> _Problem requirements_:
Up to and including the line with "Thumbnail for Blue", restate every line of the records below word for word, from the first line on, leaving out the pictures.

= = = = = = =

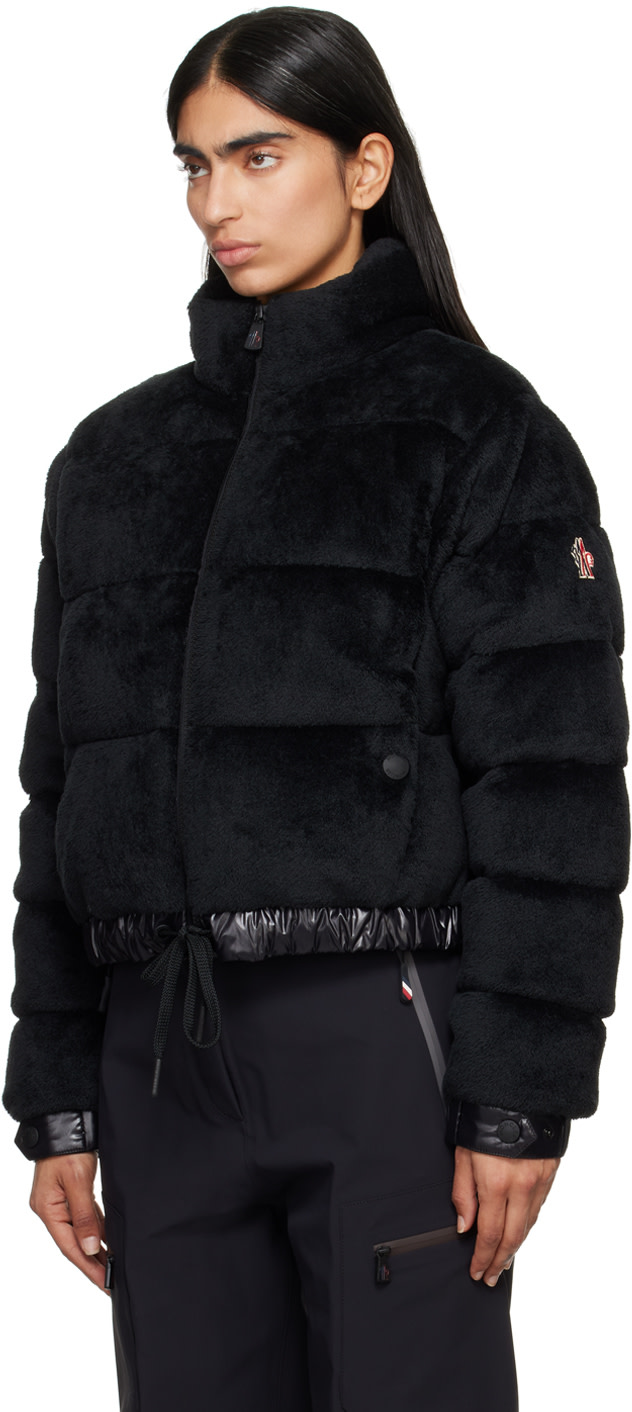 Moncler Grenoble: Black Ayse Faux-Fur Down Jacket | SSENSE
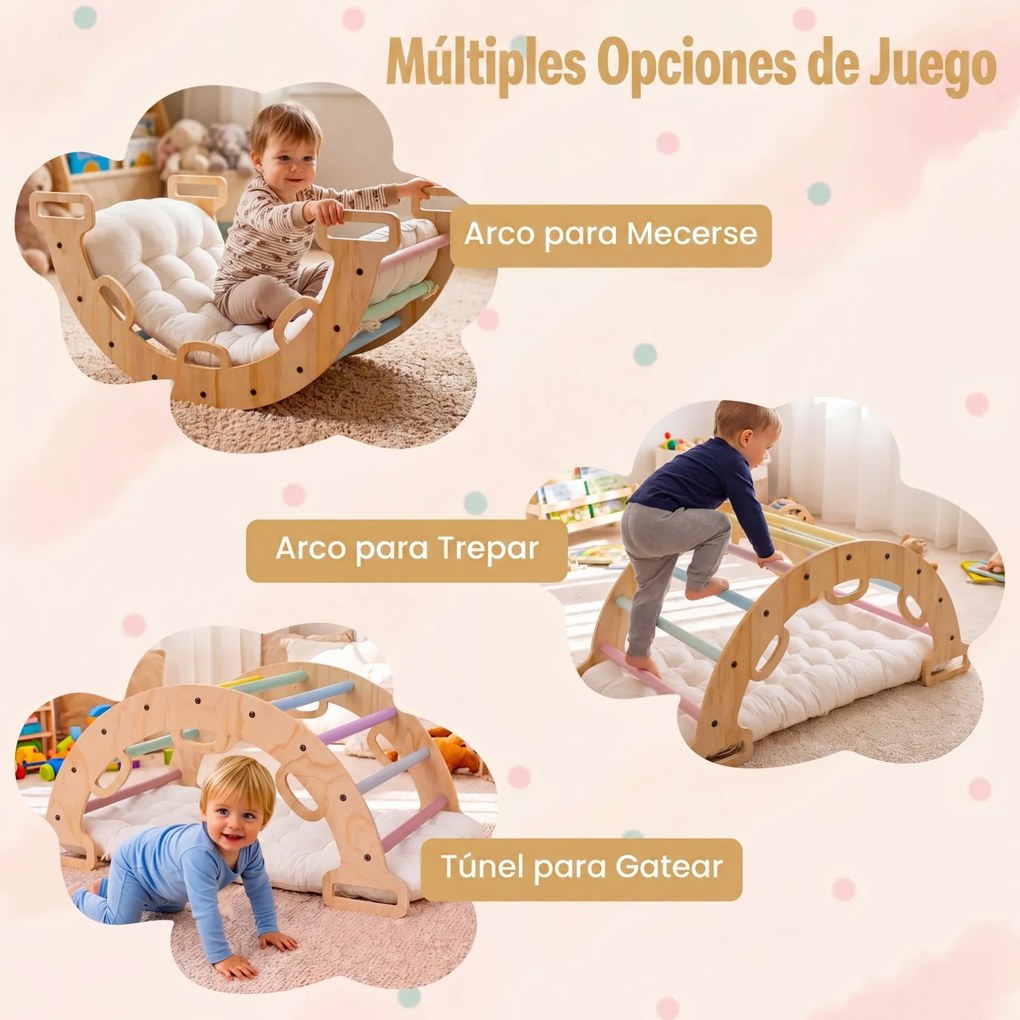 Arco de escalada 3 em 1 bebés Montessori em madeira com almofada e baloiço para interior, a partir de 1 ano, 81 x 48,5 x 38,5 cm, Macron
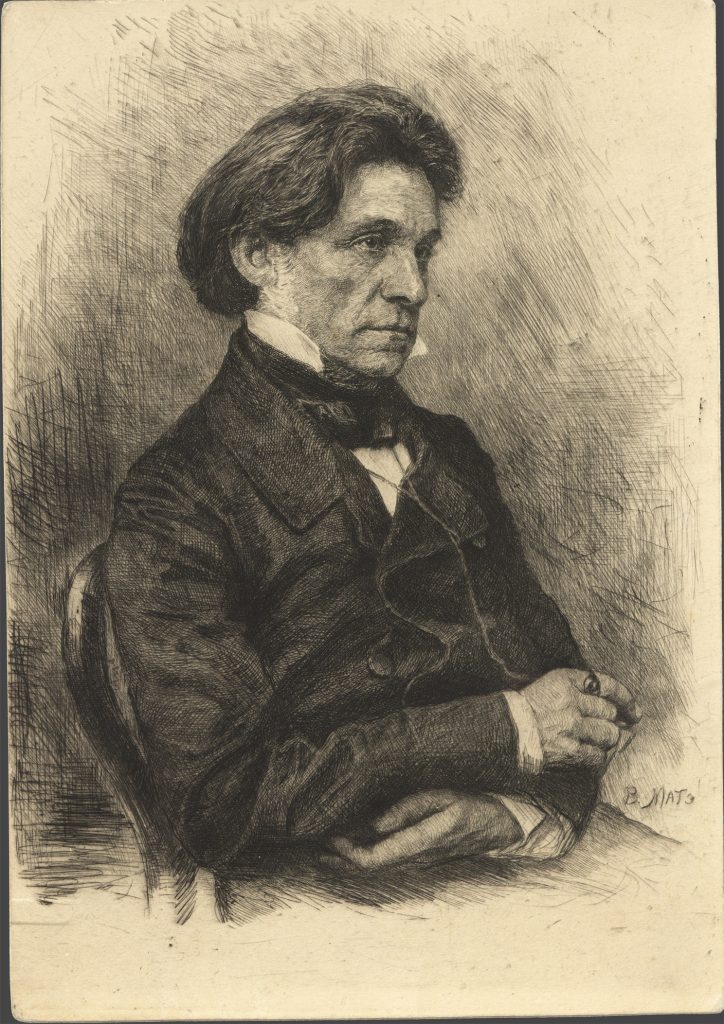 Изобразительные материалы, поступившие в ГТБ из Ленинградского книжного фонда в 1927 г. Живописец, ректор императорской Академии художеств Ф.А.Бруни. Матэ В.В. по оригиналу Деньера А.И. Санкт-Петербург, кон. XIX в. Офорт. Из фондов РГБИ.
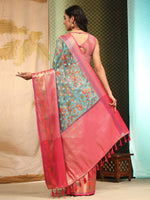 Thumbnail for Blue Art Silk Digital Print Floral Saree with Unstitched Blouse - Hiral Fashion - Distacart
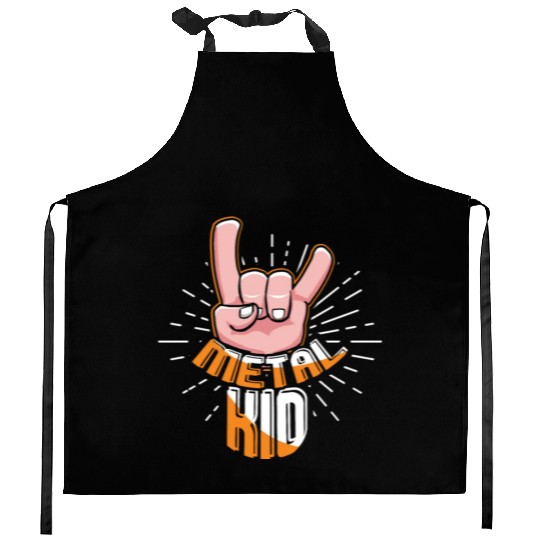 Rock Hand Metal Kid Music Lover Rocker Rock Sign Kitchen Aprons
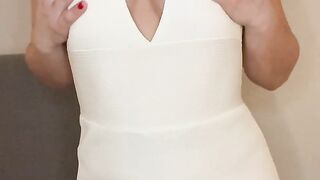 Horny MILF in White Long Dress Flashing Her Boobs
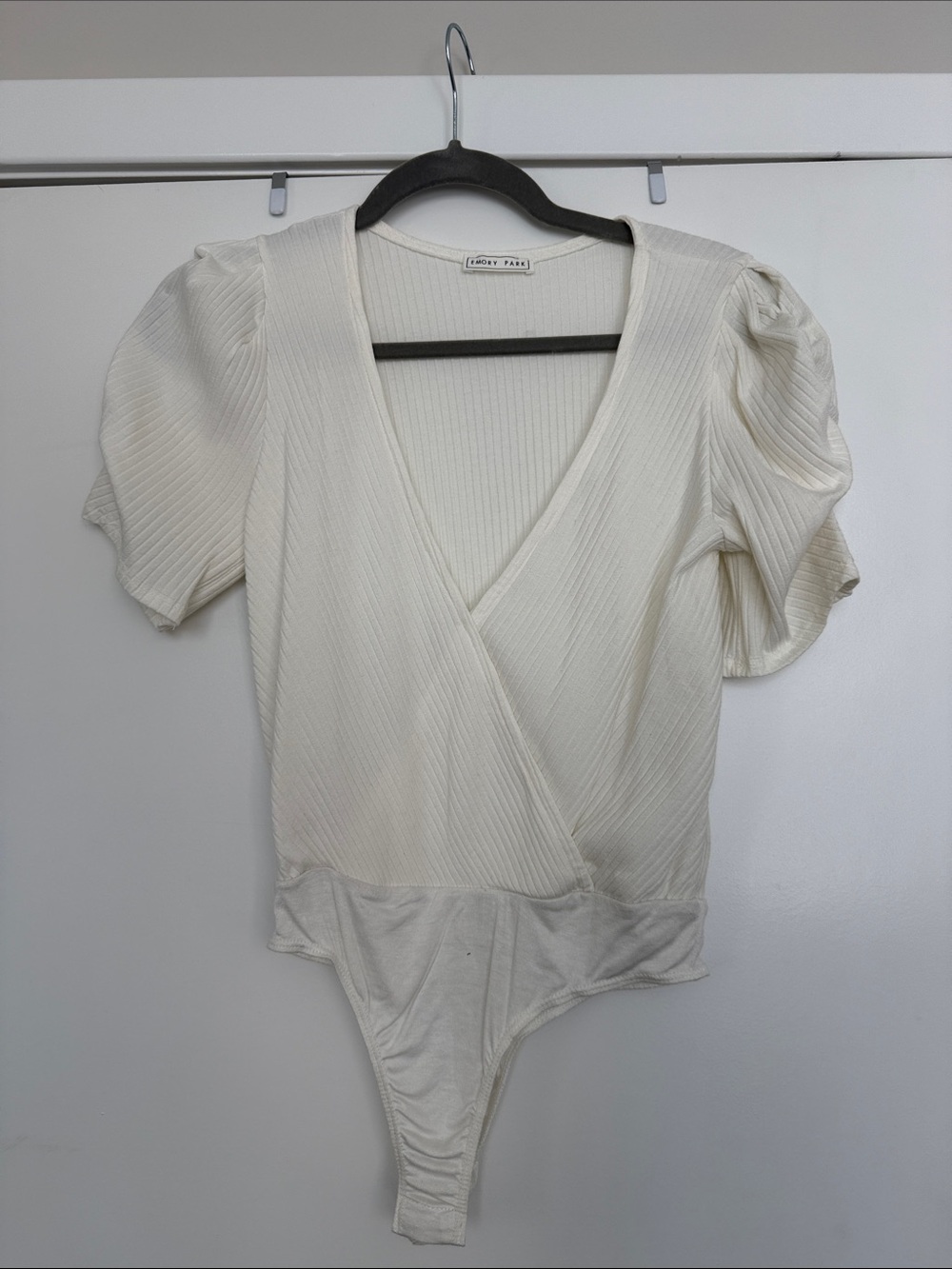 emory park Cream Ribbed Wrap Bodysuit with Puff Sleeves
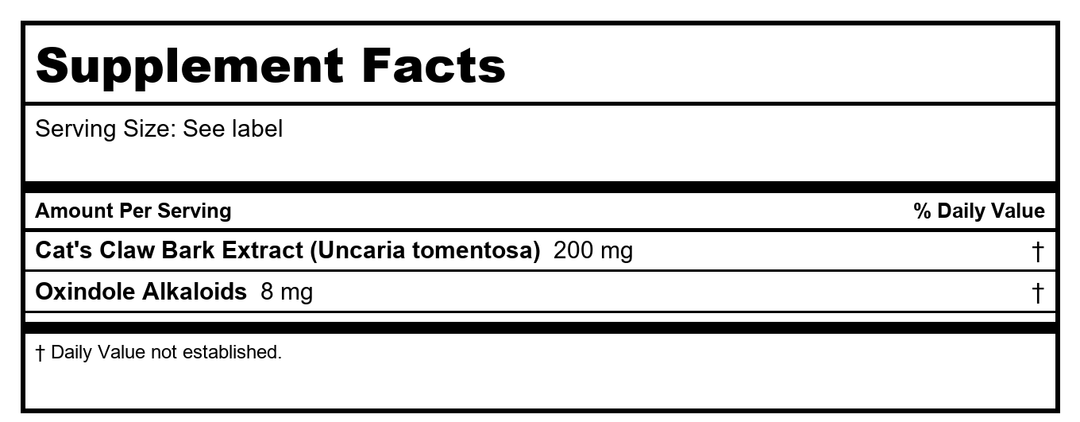 SOLARAY Cats Claw Bark Extract 200mg | 4% Oxindole Alkaloids | Healthy Immune &amp; Joint Function Support | 30 VegCaps - Supplement Facts panel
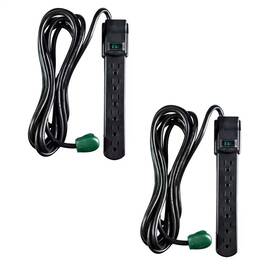 Gogreen Power 744110704204 6 Ft. 14/3 6-outlet Indoor Surge Protector Black 2-pack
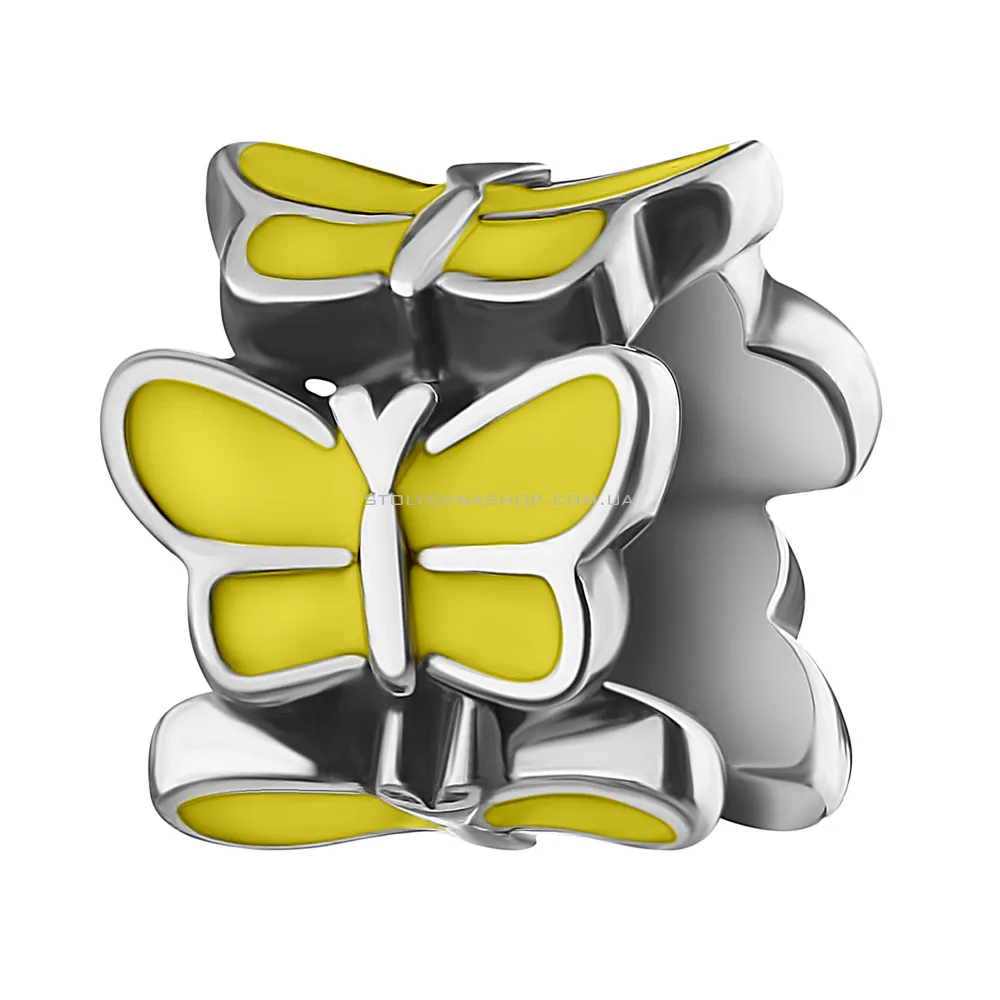 Шарм зі срібла "Метелики" з жовтою емаллю (арт. 7903/2880еж) - цена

= = = = = = =

> _Response to the exercise_:
 Moncler Grenoble: Black Ayse Faux-Fur Down Jacket | SSENSE
 Arco de escalada 3 em 1 bebés Montessori em madeira com almofada e baloiço para interior, a partir de 1 ano, 81 x 48,5 x 38,5 cm, Macron
 Изобразительные материалы, поступившие в ГТБ из Ленинградского книжного фонда в 1927 г. Живописец, ректор императорской Академии художеств Ф.А.Бруни. Матэ В.В. по оригиналу Деньера А.И. Санкт-Петербург, кон. XIX в. Офорт. Из фондов РГБИ.
 Thumbnail for Blue Art Silk Digital Print Floral Saree with Unstitched Blouse - Hiral Fashion - Distacart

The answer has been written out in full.